On May 22, Amazon announced that their palm scanner, called Amazon One, can now verify a person’s age, making it easier to purchase alcohol in places like bars and sports events. The palm scanners are currently used in Amazon Go stores and over 100 Whole Foods stores across the US.
To use this new technology, users need to provide a selfie and pictures of their government-issued ID, but Amazon assures that they do not store customers’ IDs. The palm scanner examines the unique details of a person’s hand and displays a “21+” message along with a selfie of the customer to confirm their age.
Amazon plans to showcase this new feature at Coors Field, the home stadium of the Colorado Rockies Major League Baseball team. They will specifically highlight it at the Sandlot Brewery and Silver Bullet Bar within the stadium.
“Hearing from Amazon One customers across the country, we understand that they love the convenience it delivers: shorter wait times, quick access to buildings and locations, being able to link their loyalty memberships, and now an easy way to grab their beer,” John McKay, senior director of food service operations and development for the Colorado Rockies, said.
While larger venues with long customer queues could benefit from a smoother process, some bar owners, like Matt Hogan of Brooklyn’s Irish Haven, are not convinced that the technology is necessary for smaller neighborhood bars. Hogan believes that Amazon One could eliminate meaningful conversations between bartenders and patrons, which are often used to determine if someone has already been drinking before entering the bar.

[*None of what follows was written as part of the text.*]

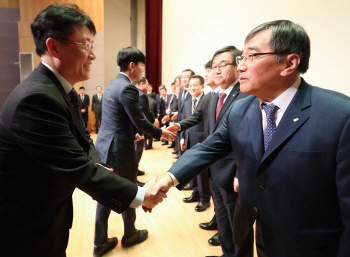 '제3 인터넷은행' 인가 설명회 23일 개최…네이버 등 참석 여부 '관심'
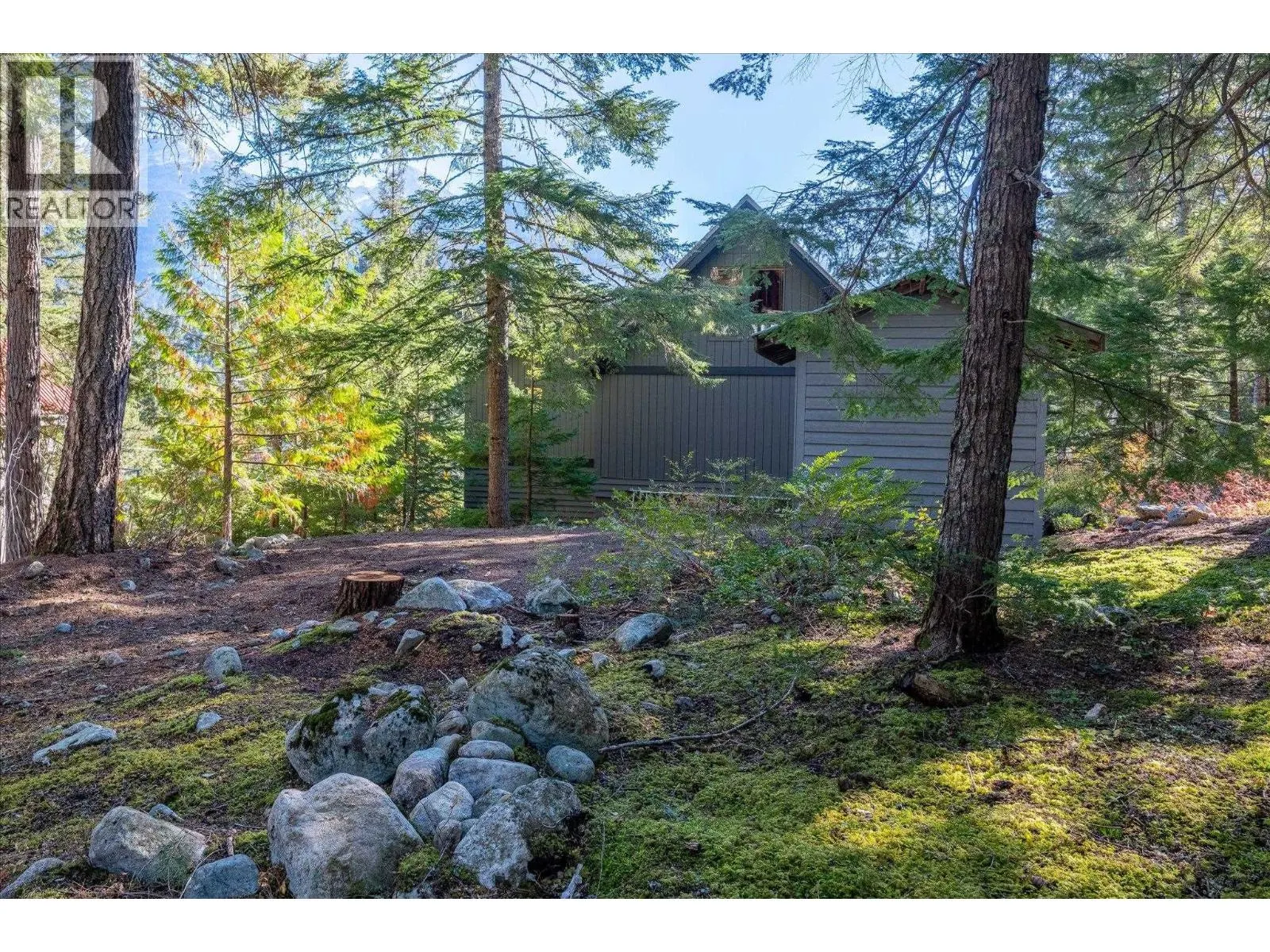 9282 EMERALD DRIVE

Overall, Amazon’s palm-based identity service aims to simplify age verification and payment processes. However, the implementation of this technology may vary depending on the size and type of establishment.
“When someone presents an ID, there’s an exchange of, sort of, vetting that that person hasn’t been over served somewhere else,” Hogan said. “You learn a lot about a person in that first 10 to 20 seconds.”
“Automation would take that away from me. That would be a lost asset,” Hogan added.